Não é difícil explicar porque chegou Passos Coelho a esta situação de desvantagem relativa, depois do resultado eleitoral de 2015, que tinha sido impensável seis meses antes. Baseou toda a sua estratégia em premissas erradas, o que só pode ser de estranhar num político com a sua experiência. A entrevista de Assunção Cristas ao Público é a chave para perceber qual era o principal erro da estratégia falhada do líder do PSD: “Em agosto, Passos via o risco de haver legislativas antes das autárquicas”, revelou a presidente do CDS para explicar porque não a apoiou para Lisboa.

Pedro Passos Coelho parece ter baseado toda a manobra do PSD na aposta de que a “geringonça” ia cair, que o défice era impossível de cumprir, que a economia ia afundar, ou que a recapitalização da Caixa ia esbarrar em Bruxelas — se fosse considerada ajuda de Estado — e que uma eventual abertura da CGD a capital privado liquidaria a coligação. Falhou em tudo. Passos caiu no erro de António José Seguro, que clamava contra o Governo PSD/CDS e reclamava por mais tempo e por mais dinheiro, um argumento que morreu no dia em que a troika voltou para a casa. Destas premissas nasceu o discurso da catástrofe previsível ou da chegada do Diabo, que António Costa usou com habilidade contra o líder do PSD, tal como esta usara contra Seguro o argumento do “mais tempo e mais dinheiro”.

No futuro, não aproveitará a Passos ter razão quanto à forma como o Governo fabricou este défice, ou sobre os juros da dívida se não voltar ao poder. E o problema que a direita devia estar a discutir era como voltar ao poder, porque sem regressar ao Governo resta-lhe apenas pairar como o “papão” da austeridade — porque Passos também ainda não conseguiu contrariar essa ideia, nem dar ideia do que seria a sua governação nas novas circunstâncias. O que o PSD e o CDS deviam estar a discutir era como obter uma maioria absoluta, porque sem maioria absoluta dificilmente voltarão a governar.

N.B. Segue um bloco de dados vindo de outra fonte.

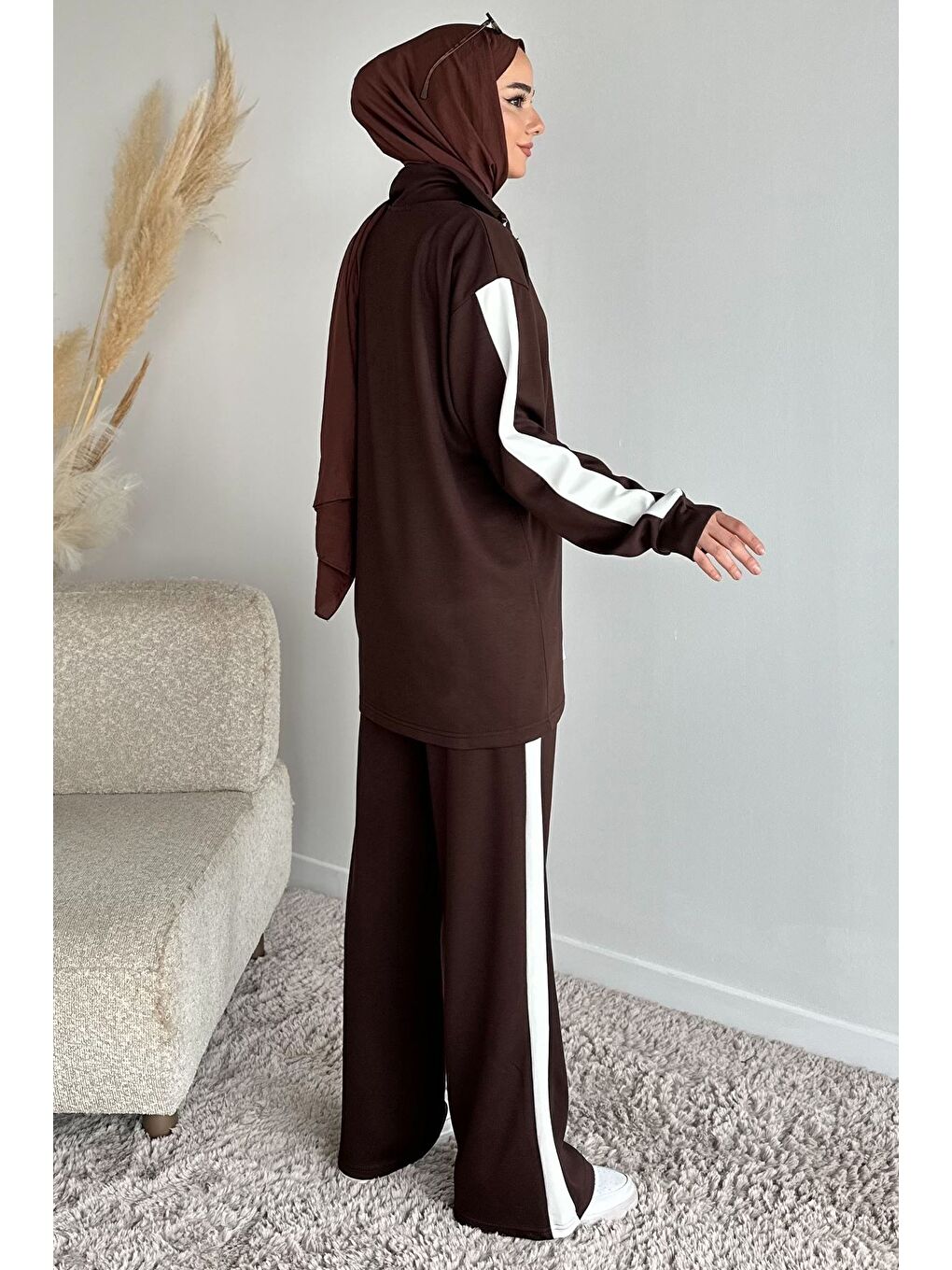 Kahverengi Tesettür Yarım Fermuarlı Renk Garnili Tunik Pantolon İkili Takım-7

Pondo de parte toda a incompetência do PSD relacionada com o processo autárquico — que já tinha sido um desastre em 2013 —, basta a António Costa que Passos invoque a desgraça iminente para se insuflar: os pequenos e grandes sucessos do Governo tornam-se fantásticos à luz do discurso do líder social-democrata.

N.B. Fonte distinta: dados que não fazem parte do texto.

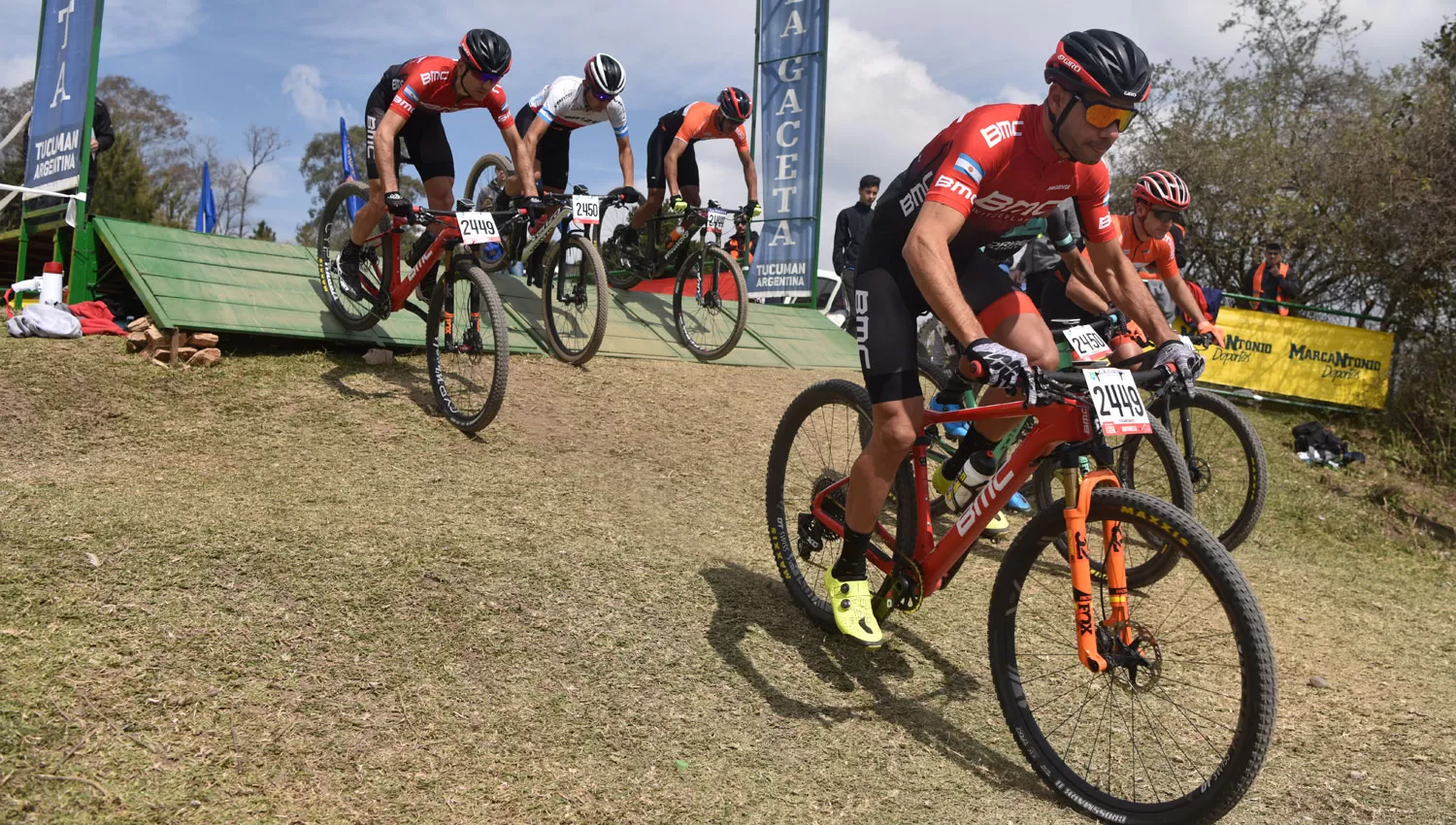 UNA FIESTA. Se esperaban más de 2.500 competidores en todas las categorías del Trasmontaña.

Resultado? Mesmo com uma governação cheia de incidentes, com uma série de incertezas associadas — as expetativas sobre a resistência da “geringonça”, as dúvidas sobre o rating preso por arames apenas numa agência de notação e os juros da dívida — António Costa dá uma entrevista a dizer que não tem “sonhos de maioria absoluta”. É um contraste político enorme em relação ao PSD, que deixa instalar-se a ideia de que a direita não vai voltar a governar tão depressa. Costa dá-se a um luxo ainda maior, que é dizer que se tiver maioria absoluta tentará negociar, na mesma, acordos com o Bloco e o PCP.

Pode ser cinismo, mas é bem feito. O primeiro-ministro não pede maioria para não melindrar os parceiros, para que não se sintam descartáveis. E vai mais longe. Tenta sossegá-los com a possibilidade de uma nova “geringonça” mesmo sem ter essa necessidade para viabilizar o Governo na Assembleia da República — solução que inteligentemente os dois partidos rejeitaram de imediato.

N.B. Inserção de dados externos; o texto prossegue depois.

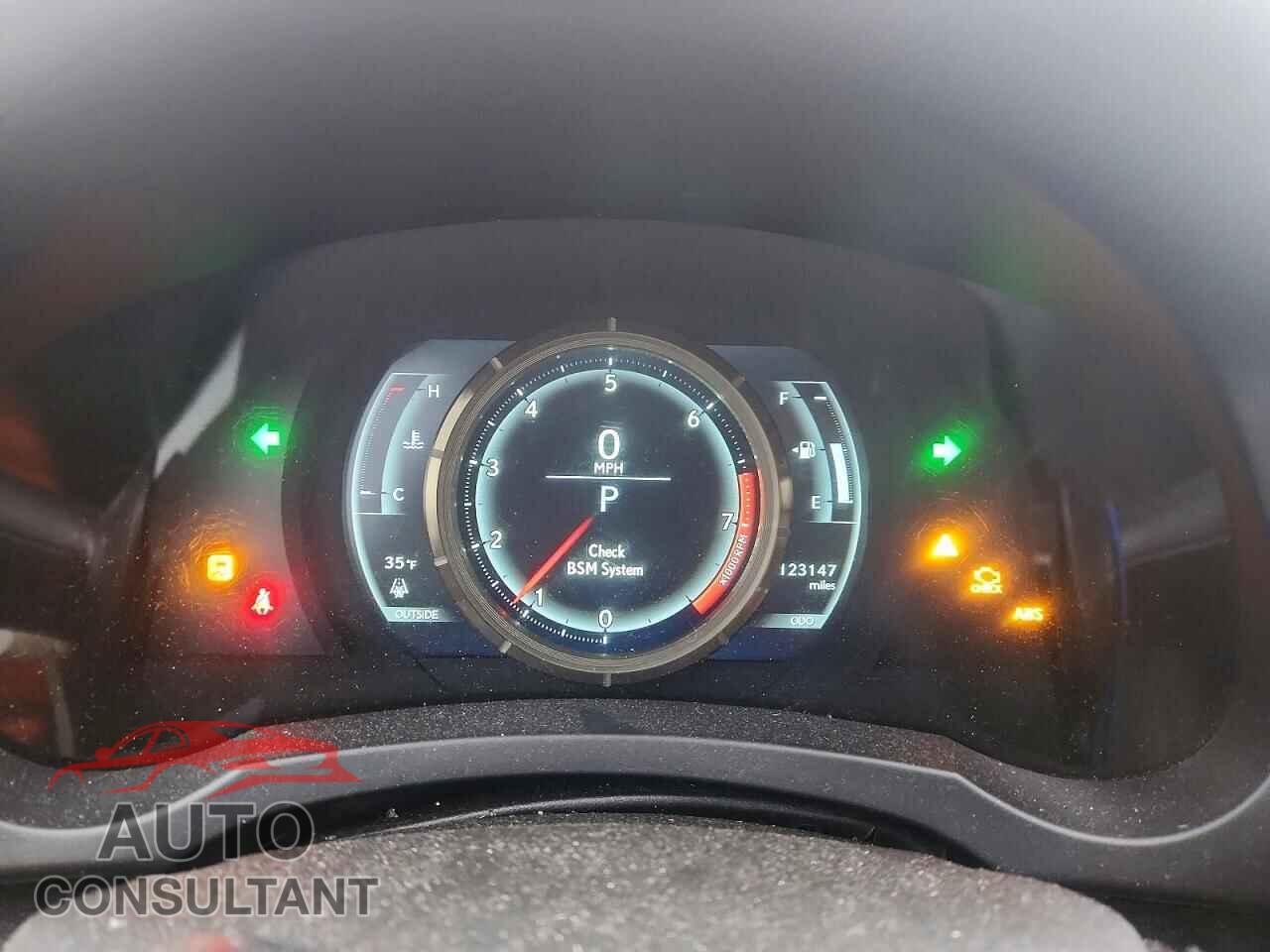 LEXUS IS 2014 - JTHCE1D25E5004571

A legislatura ainda não chegou a meio e ainda é cedo para fazer previsões, que em Portugal são exercícios demasiado arriscados de adivinhação a longo prazo. Mas, neste momento, são maiores as probabilidades de Costa fazer oito anos de mandato do que Passos de manter a liderança do PSD em 2018. Claro que tudo muda. Sabemos como o Diabo por vezes aparece sem se fazer anunciar sob as mais variadas formas e disfarces.